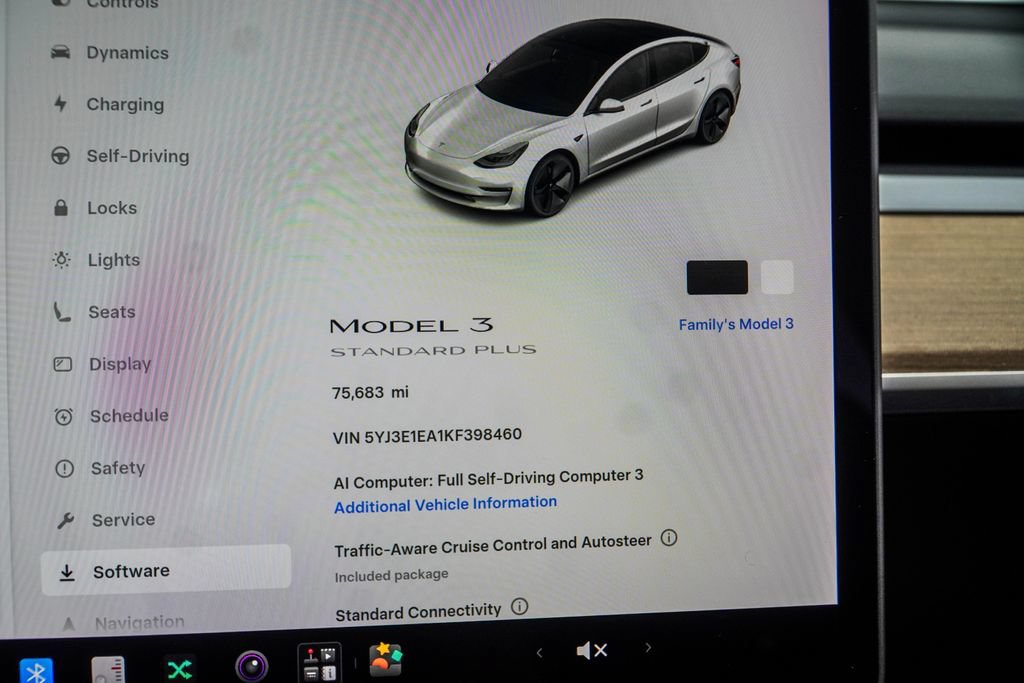 Used 2019 Tesla Model 3 Mid Range RWD image 27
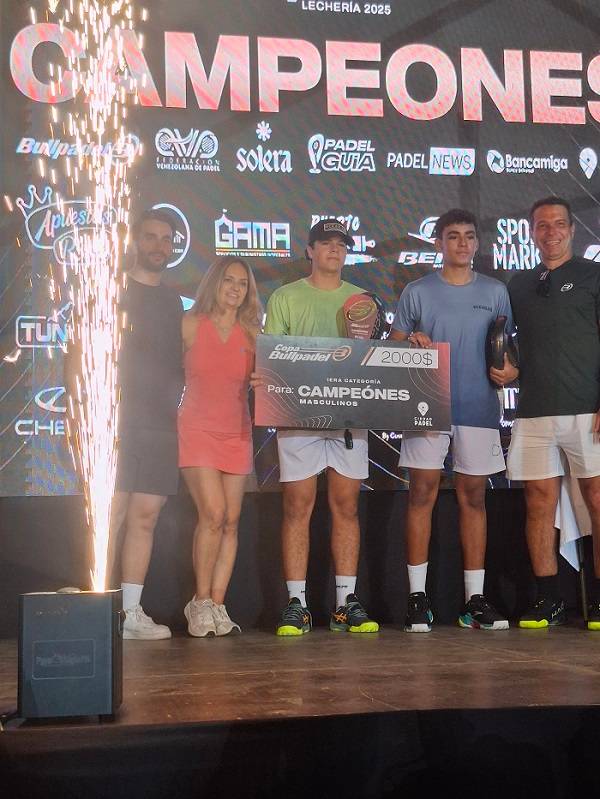 Matías León Ponte y Santiago Soto se convirtieron en los monarcas de la Copa BullPadel en primera categoría en Lechería (+Video)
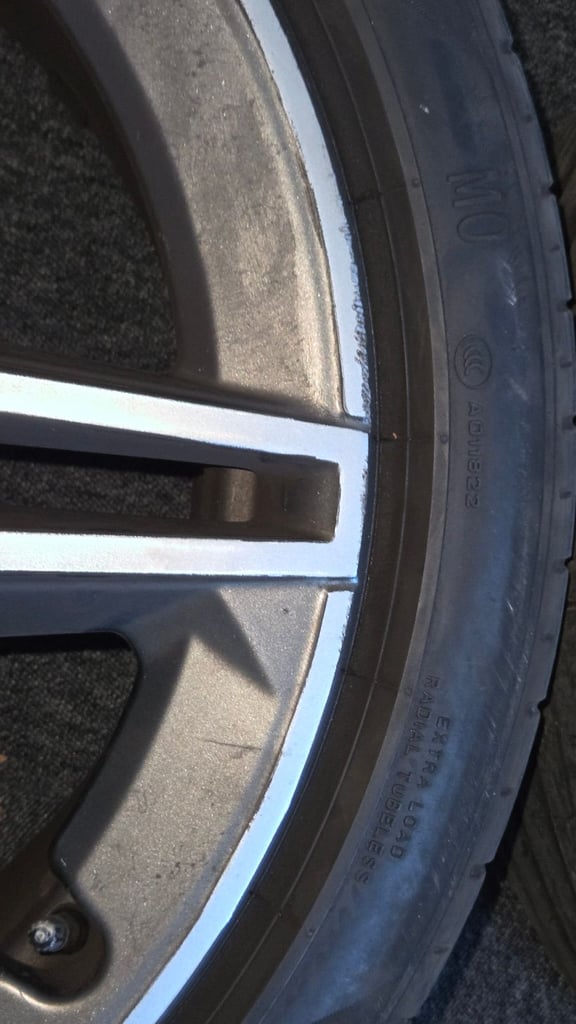 Mercedes Genuine 19 Inch 5 spoke alloy wheels and tyre
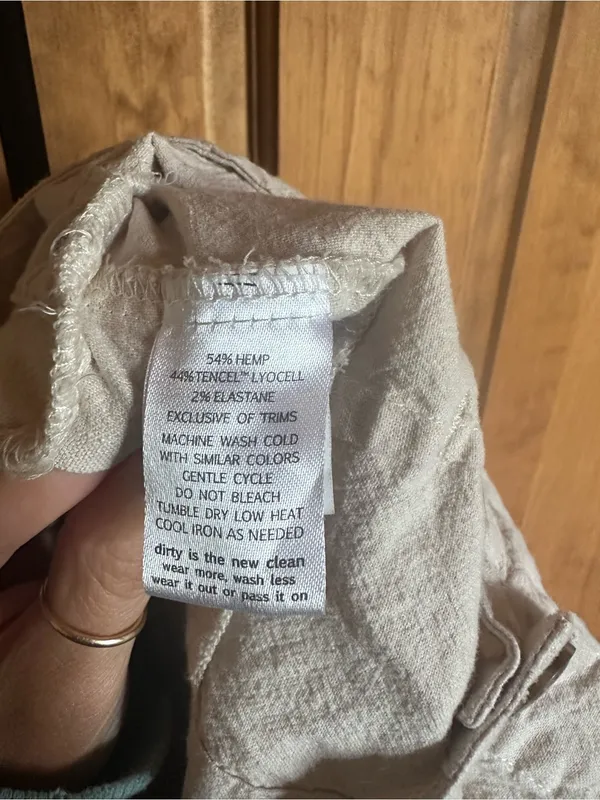 Toad&Co Cream hemp Sleeveless Button - Image 7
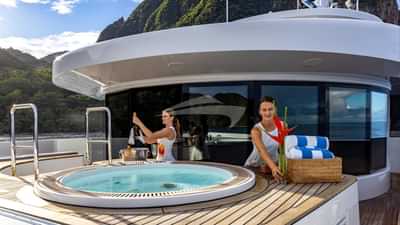 Deck Jacuzzi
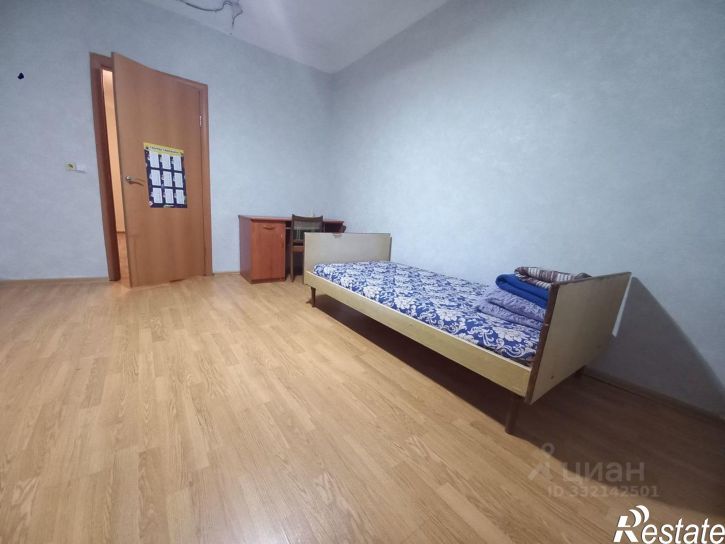 3-комн квартира ул Краснознаменная, 15,  д. 15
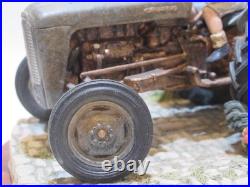 BORDER FINE ARTS'GOLDEN MEMORIES' NO. BO799 BY RAY AYRES 27CM LONG WithCERTIFICATE BORDER FINE ARTS'GOLDEN MEMORIES' NO. BO799 BY RAY AYRES 27CM LONG WithCERTIFICATE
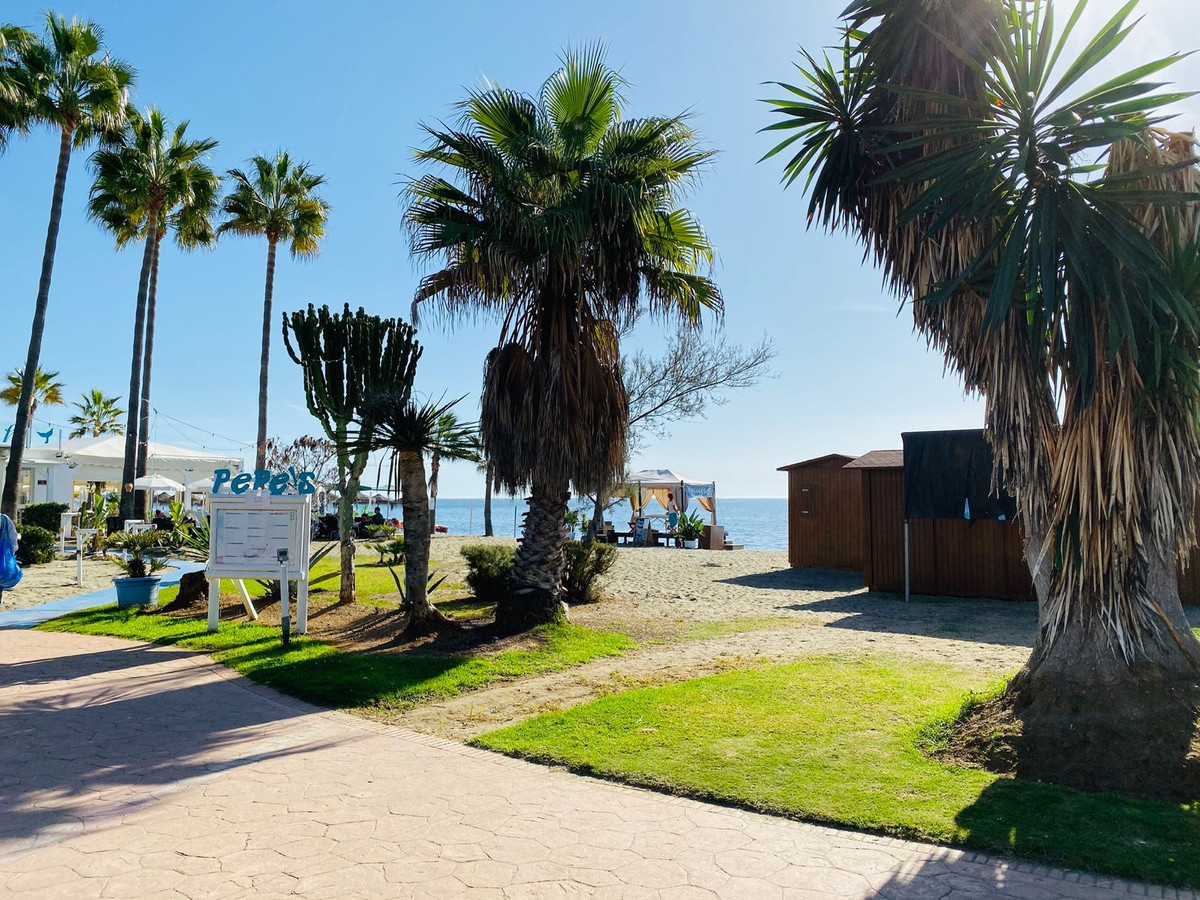 adbe8a1702210145641e166adbd9f93e - 37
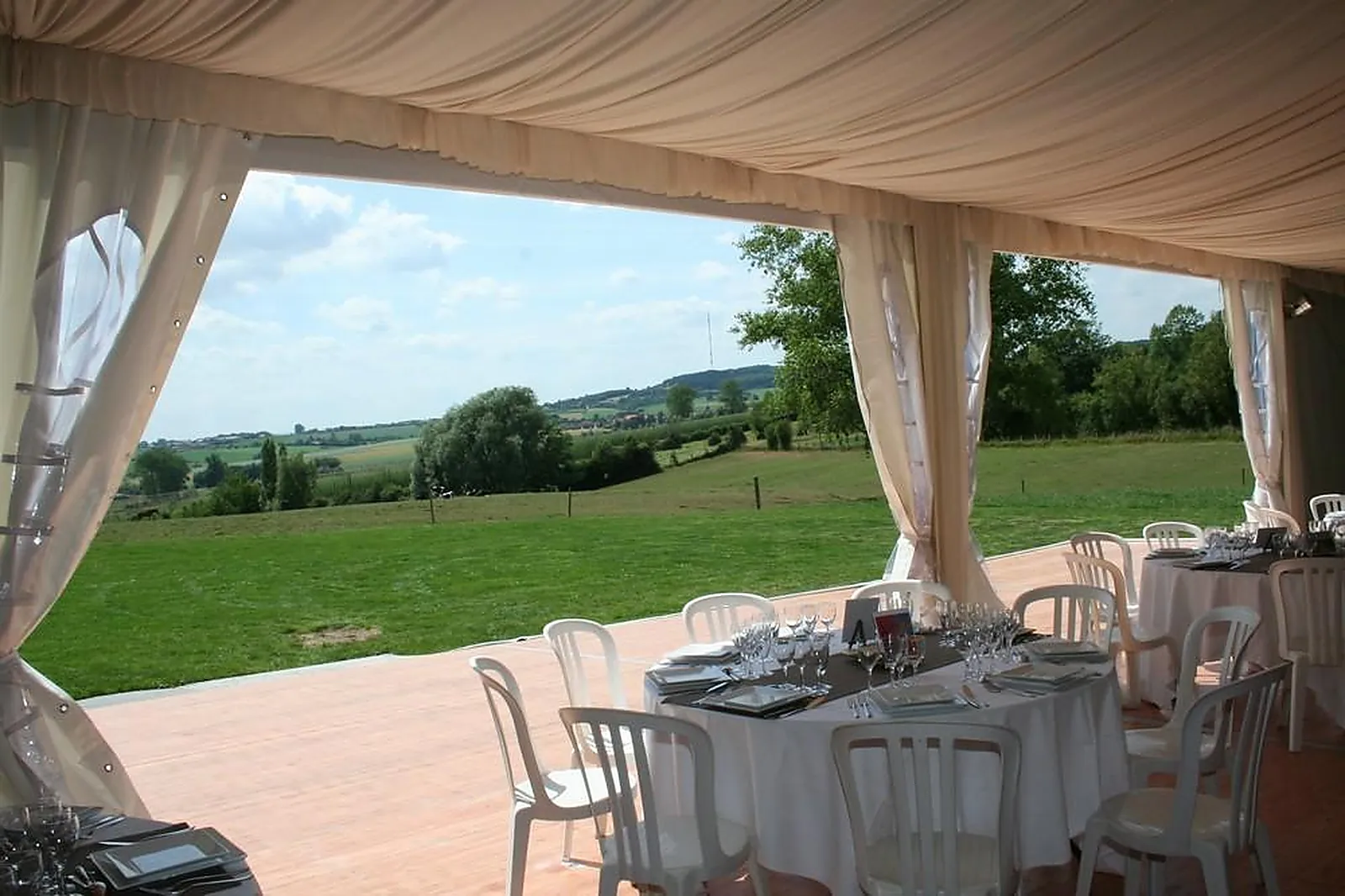 Tente et Chapiteau, TENTES ET CHAPITEAUX - WATTRELOS (NORD) : COLLET CHAPITEAUX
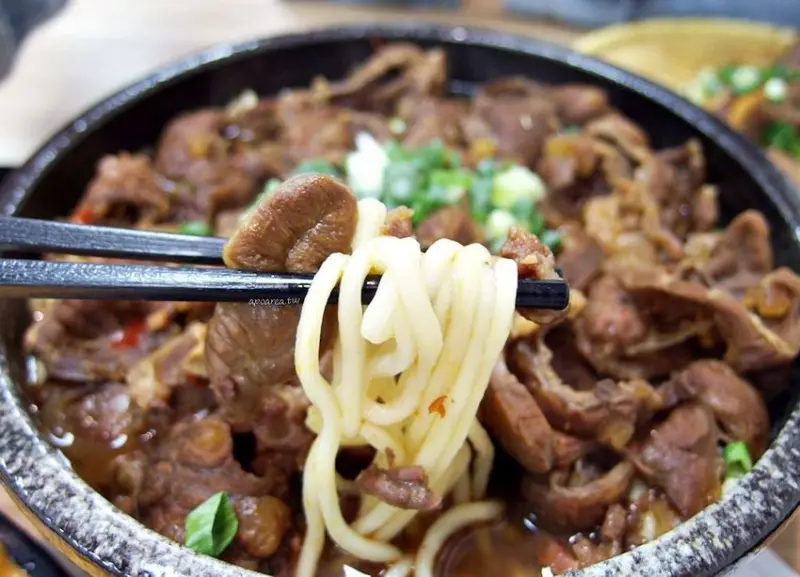 高雄來的人氣牛肉麵 冰花圓盤煎餃 每日限量滿滿都是肉 內用豆花免費吃到飽 食尚玩家也推薦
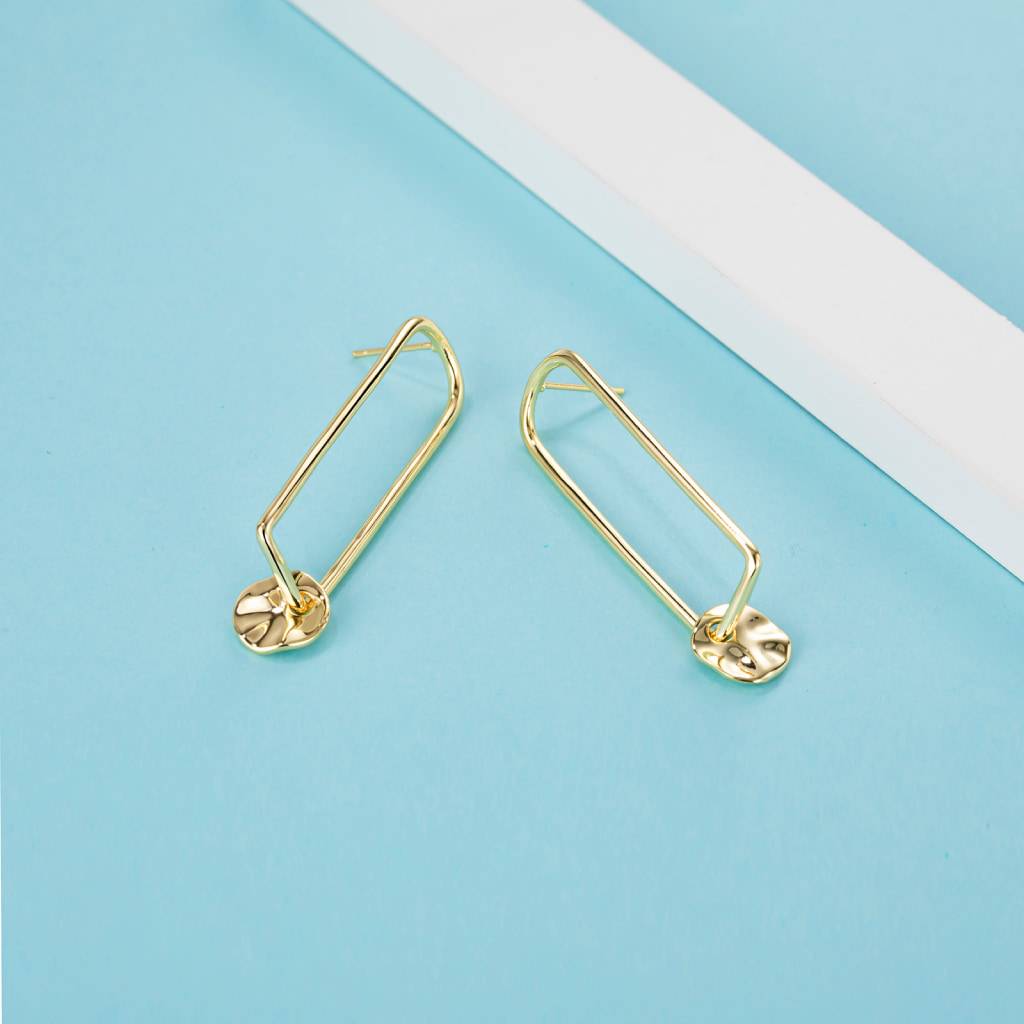 Oblong Gold Earrings Women's Fashion  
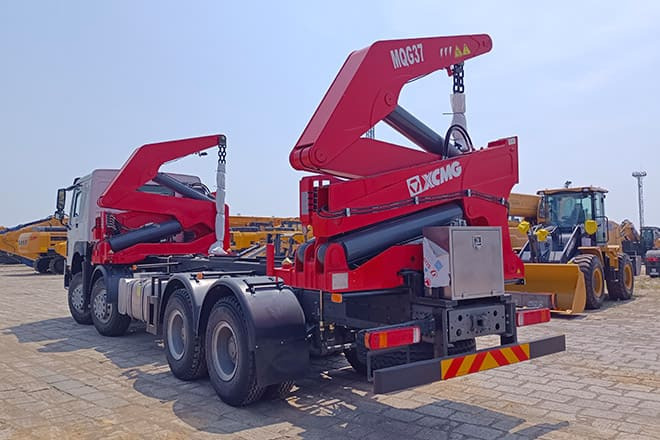 XCMG XCMG Side Loader Truck Container for Sale in Barbados - Kamion za prevoz kontejnera/ Kamion sa promenjivim sandukom: slika 3 XCMG XCMG Side Loader Truck Container for Sale in Barbados - Kamion za prevoz kontejnera/ Kamion sa promenjivim sandukom: slika 3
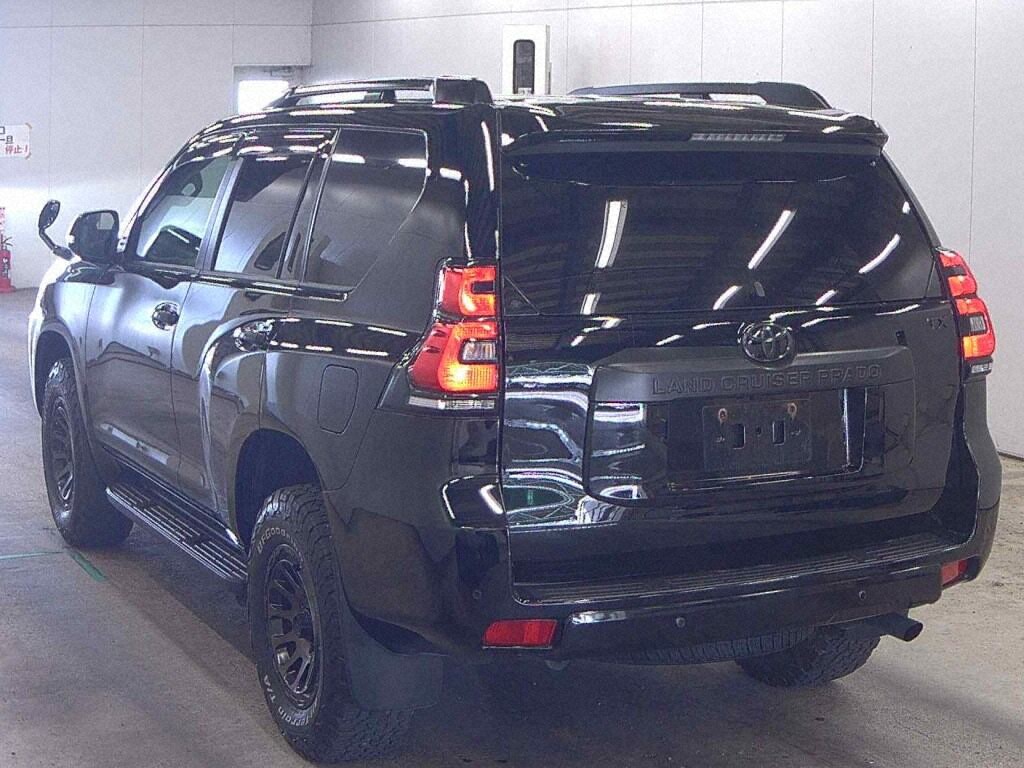 2023 TOYOTA LAND CRUISER PRADO TX photo 2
■ ■ ■
* Task to complete
The answer should contain only the lines from the start of the records above through the line with "adbe8a1702210145641e166adbd9f93e - 37", copied exactly, and no pictures.

* Result
 Used 2019 Tesla Model 3 Mid Range RWD image 27
 Matías León Ponte y Santiago Soto se convirtieron en los monarcas de la Copa BullPadel en primera categoría en Lechería (+Video)
 Mercedes Genuine 19 Inch 5 spoke alloy wheels and tyre
 Toad&Co Cream hemp Sleeveless Button - Image 7
 Deck Jacuzzi
 3-комн квартира ул Краснознаменная, 15,  д. 15
 BORDER FINE ARTS'GOLDEN MEMORIES' NO. BO799 BY RAY AYRES 27CM LONG WithCERTIFICATE BORDER FINE ARTS'GOLDEN MEMORIES' NO. BO799 BY RAY AYRES 27CM LONG WithCERTIFICATE
 adbe8a1702210145641e166adbd9f93e - 37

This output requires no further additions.